Fuad Abdulgani, Peneliti FIAN Indonesia menyimpulkan, bisa dikatakan bahwa food estate adalah proyek negara, namun kandungannya cenderung mengarah ke corporate-driven business.
Food estate Ria-Ria, kata Fuad, telah mengakibatkan terjadinya perampasan kontrol atas tanah dan terlucutinya otonomi petani terhadap pertaniannya. Petani kecil cenderung menjadi pemasok bahan baku atau bahan mentah bagi korporasi agribisnis, tambahnya, sekaligus pasar bagi industri input pertanian dan juga menjadi tenaga kerja bagi industri pangan.

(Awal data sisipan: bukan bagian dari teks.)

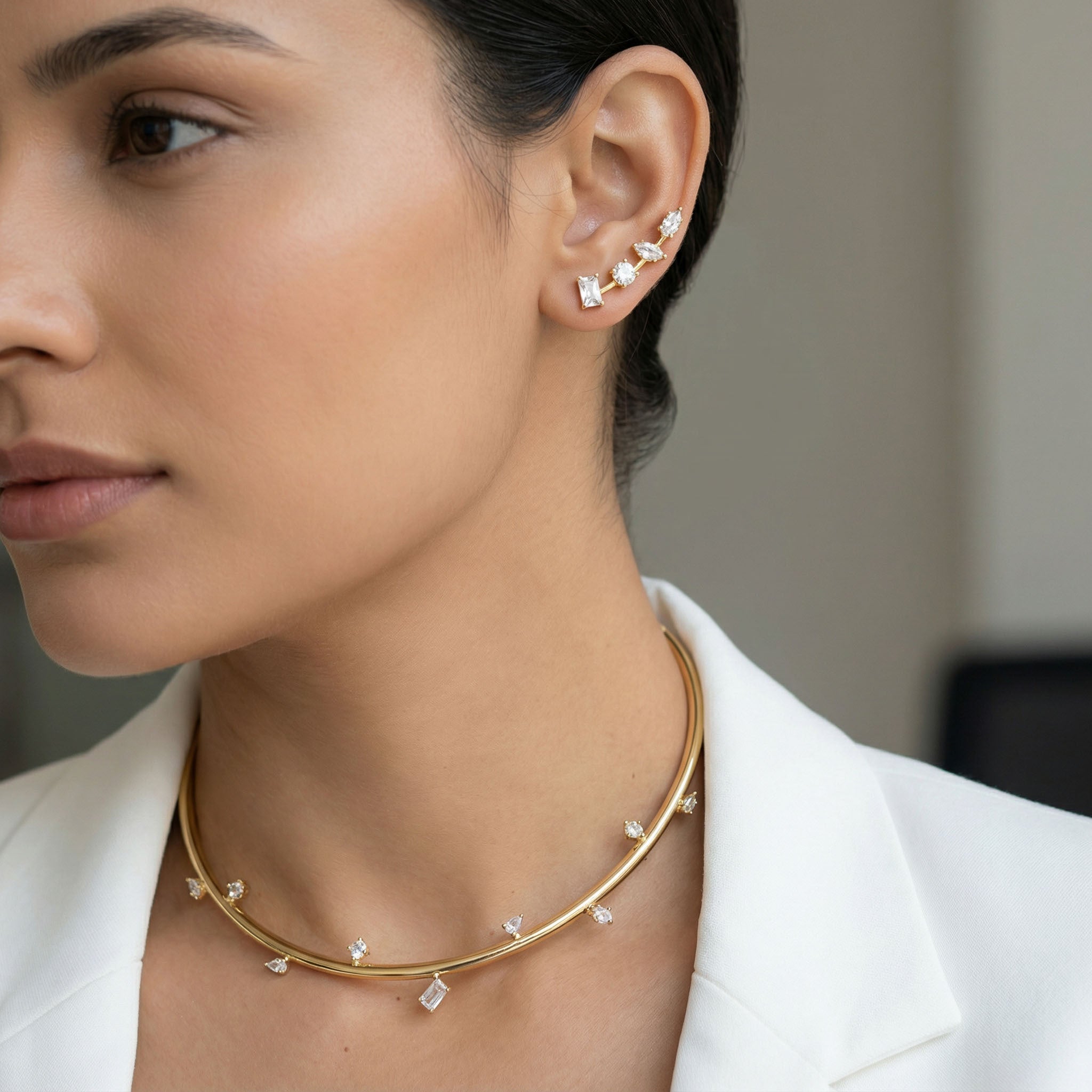 Close-up of a woman wearing gold necklace and diamond earrings.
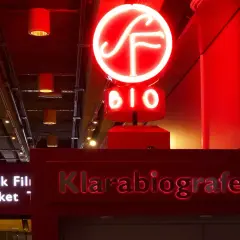 Rött neonskylt med "BIO" och en SF-logotyp ovanför entrén till Klarabiografen.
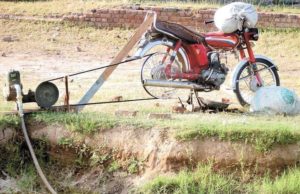 Illustration de l'innovation Jugaad avec une moto qui fait tourner une pompe à eau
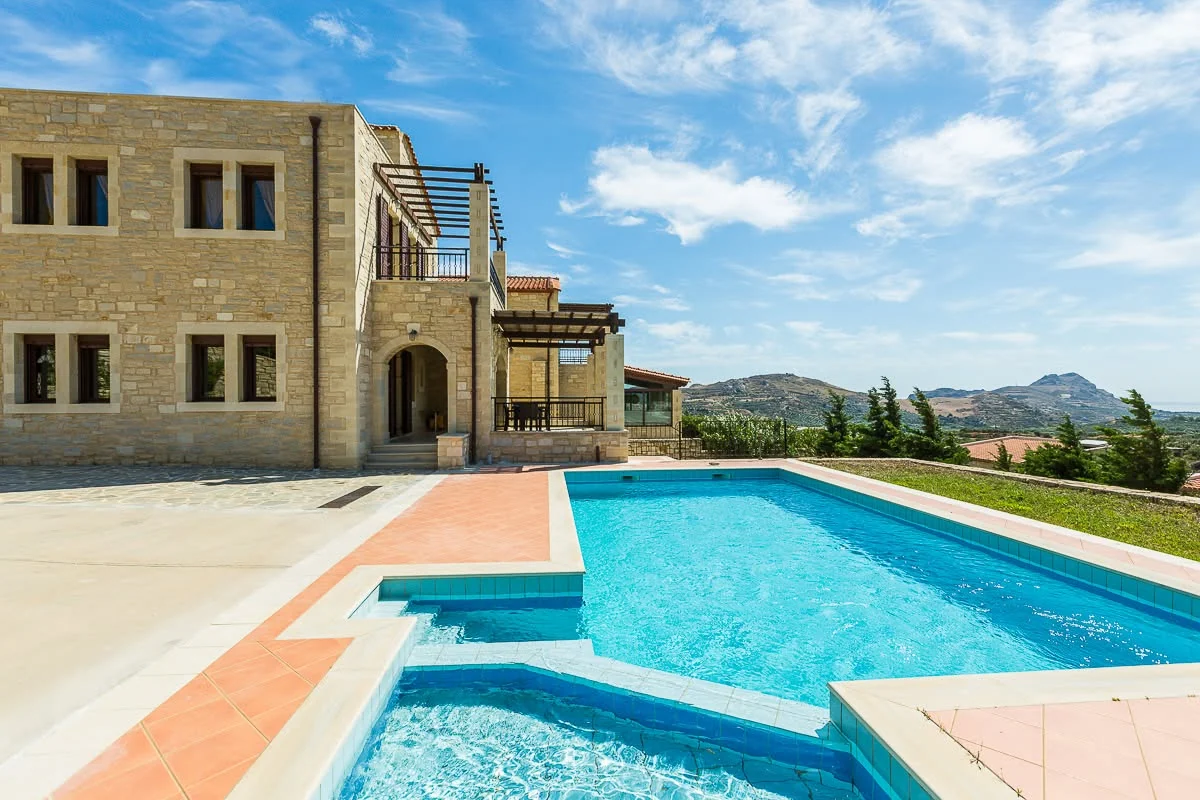 Pool and stone villa by day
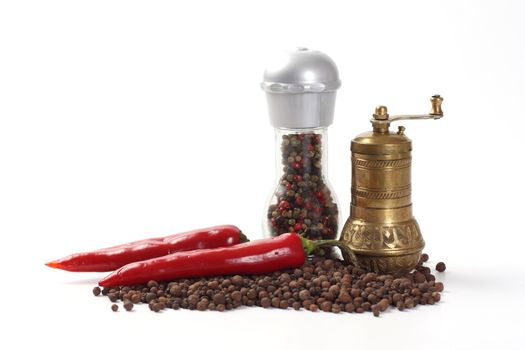 Two pepper mills, peppercorn and two pepper chillies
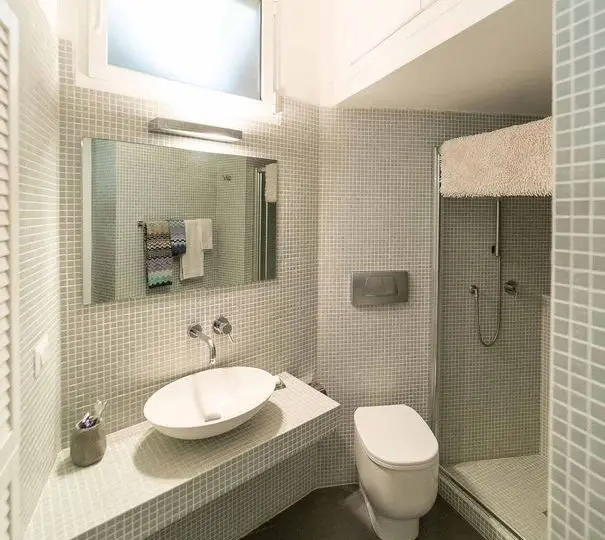 Moderno baño en casa de diseño minimalista con accesorios de lujo y azulejos de mosaico para un estilo contemporáneo en inmobiliaria Horus.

Fuad menjelaskan, mereka tidak menemukan lembar kontrak yang mengasumsikan dua pihak setara. Melainkan, jelas Fuad, yang ada adalah surat pernyataan yang klausul-klausulnya ditetapkan oleh perusahaan tanpa penjelasan tentang distribusi beban dan keuntungan.

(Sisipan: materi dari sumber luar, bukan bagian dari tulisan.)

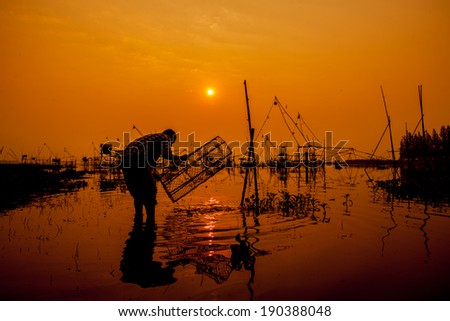 Silhouettes fishing net fishing Thailand.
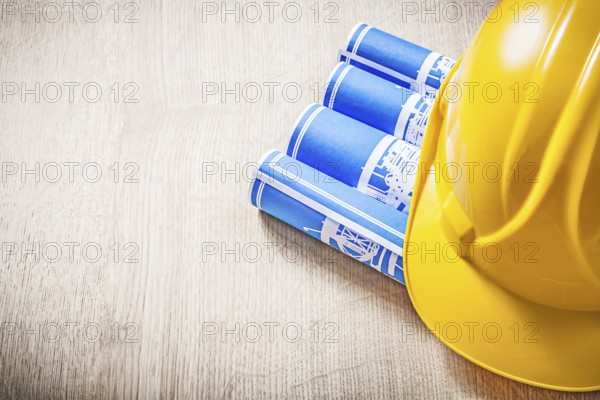 Wooden board with blue rolled construction drawings safety helmet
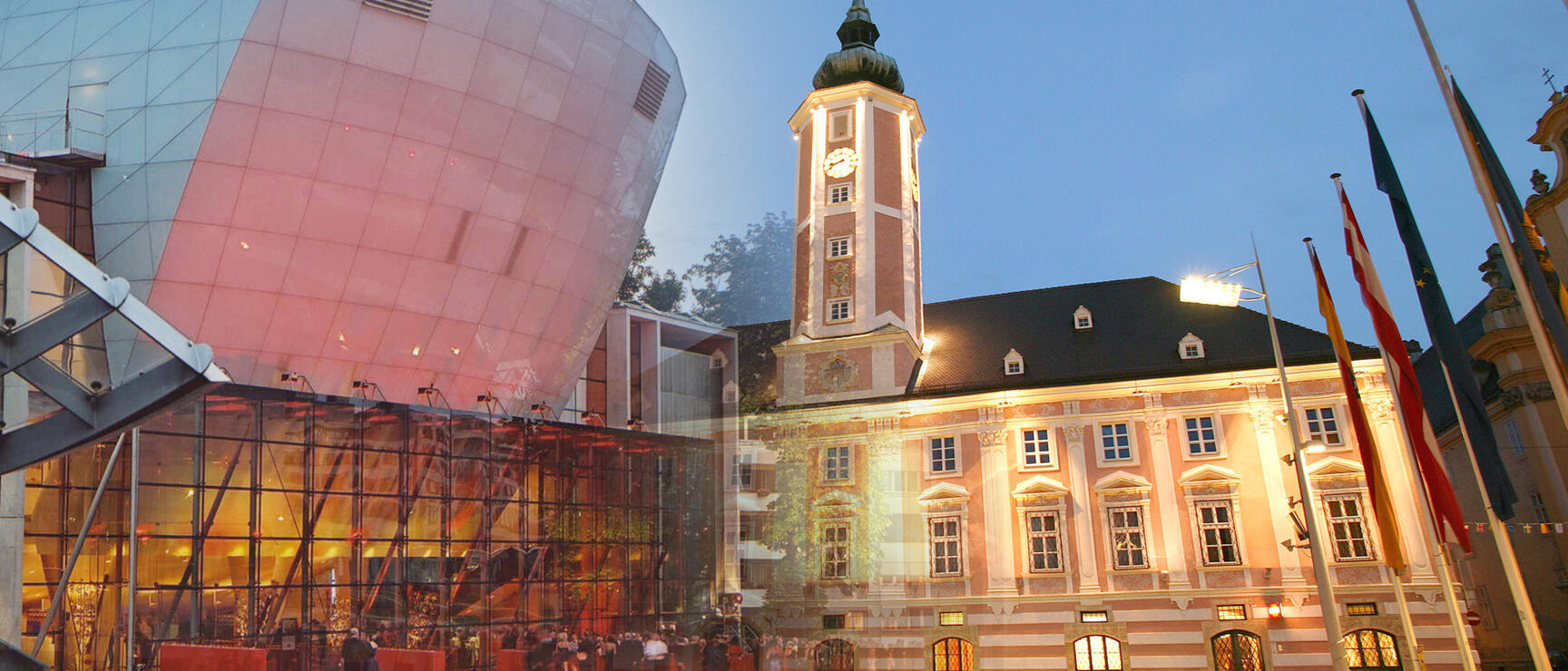 Illuminated town hall with clock tower and modern glass dome at St. Pölten town square at dusk.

“Serta tidak adanya skema mitigasi risiko yang jelas sebelum kontrak itu disepakati,” terang Fuad menguraikan temuan penelitiannya.
Fuad juga menyoroti soal pasar yang menurut paparannya, seluruh hasil pertanian food estate wajib disetorkan kepada Koperasi Unit Bersama (KUB) yang dibentuk.
“Tetapi harga jual di KUB lebih rendah dari pengepul di pasaran. Harga bawang merah contohnya, untuk kualitas grade super dihargai Rp14.500 per kilogram (kg) sedangkan untuk grade B seharga Rp8 ribu per kg,” jelas Fuad.
Fuad menegaskan, itu jauh lebih rendah dibanding harga di pengepul, yang memberi harga Rp18 ribu per kg bawang merah grade super.